> each parameter exists in two forms simultaneously during training: a full-precision 32-bit floating-point value (p) used for gradient updates, and its binarized counterpart (pb) used for forward computations

So this is only for inference. Also activations aren't quantized, I think?

Yes, that's been the downside of these forever.

If you use quantized differentiation you can get away with using integers for gradient updates. Explaining how takes a paper and in the end it doesn't even work very well.

At university, way back at the end of the last AI winter, I ended up using genetic algorithms to train the models. It was very interesting because weights were trained along with hyper parameters.

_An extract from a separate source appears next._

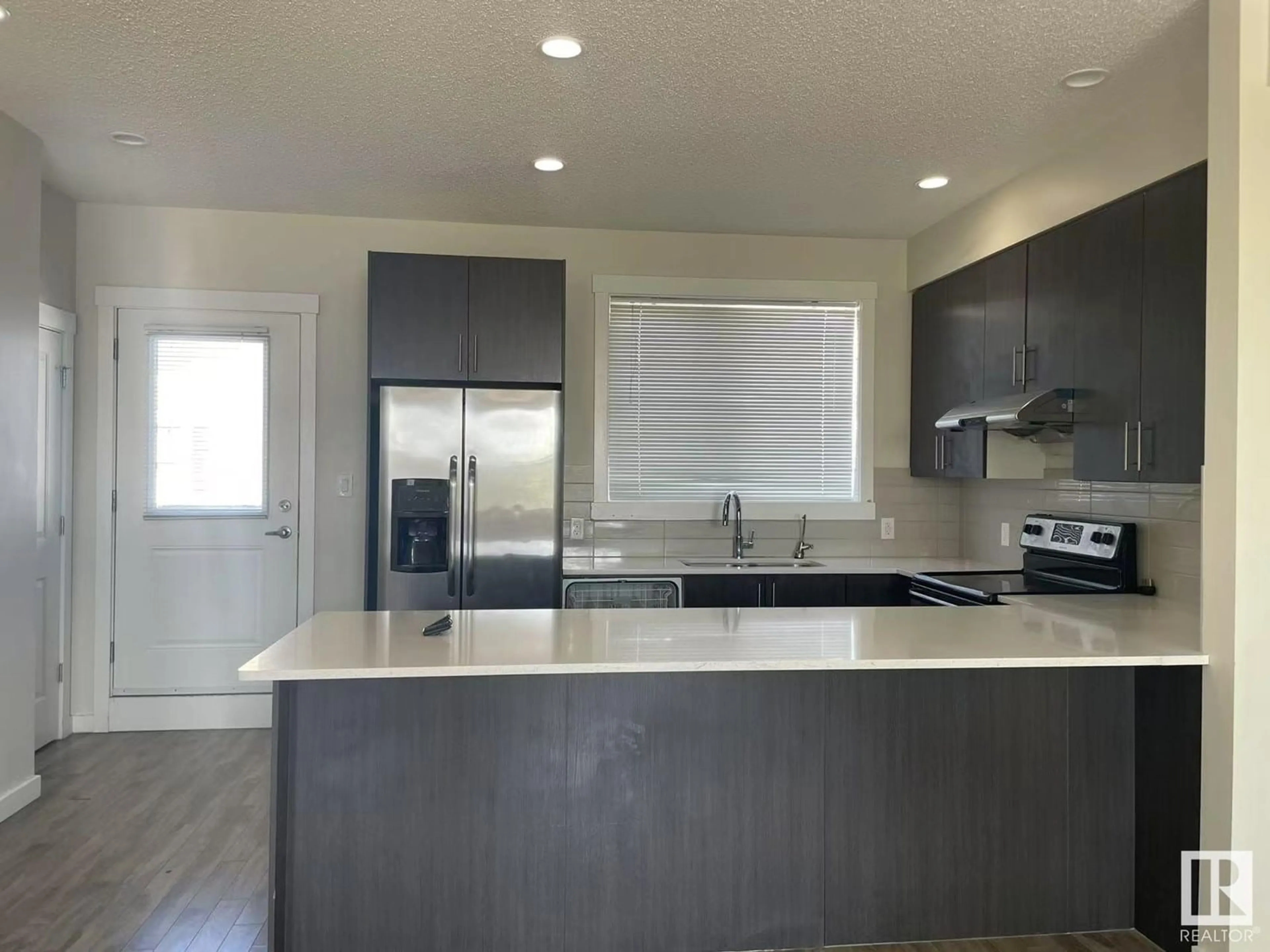 Open concept kitchen, ceramic/tile floor for 64 CRYSTALLINA NERA WAY, Edmonton Alberta T5Z0N6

It was no where near practical because gradient descent is so much better at getting real world results in reasonable time frames - surprisingly because it's more memory efficient.

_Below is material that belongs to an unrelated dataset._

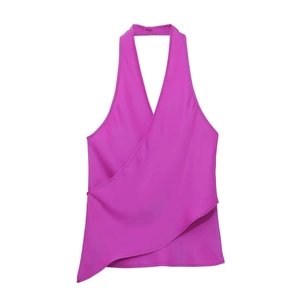 Close-up of fuchsia halter neck top featuring asymmetric hem and silk satin texture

You don't necessarily have to store the parameters in fp32 for gradient updates; I experimented with it and got it working (all parameter full fine-tuning) with parameters being as low as 3-bit (a little bit more than 3-bit, because the block-wise scales were higher precision), which is essentially as low as you can go before "normal" training starts breaking down.

> Also activations aren't quantized, I think?

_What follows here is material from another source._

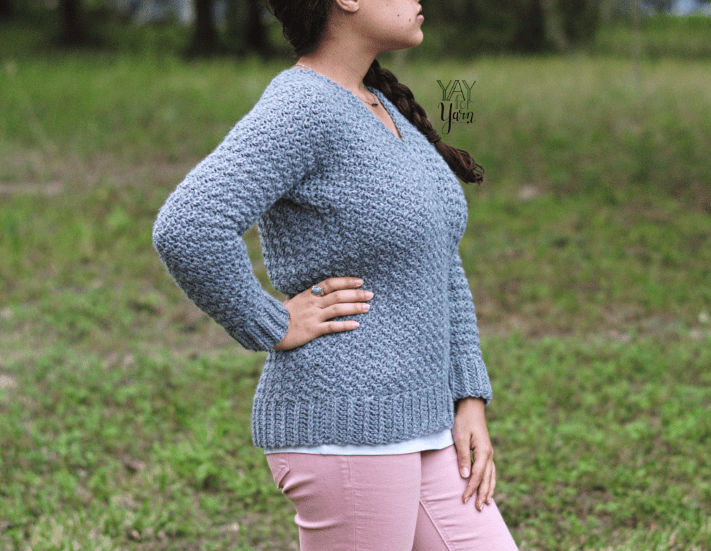 girl wearing grey crochet sweater with pink pants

The very last conclusion: "Future work will focus on the implementation of binary normalization layers using single-bit arrays operations, as well as on quantizing layer activations to 8 or 16-bit precision. These improvements are expected to further enhance the efficiency and performance of the binary neural network models."

Yeah, but it’s ’quantization aware’ during training too, which presumably is what allows the quantization at inference to work

I wonder if one could store only the binary representation at training and sample a floating point representation (both weights and gradient) during backprop.

Back propagation on random data that is then thrown away would be pretty useless.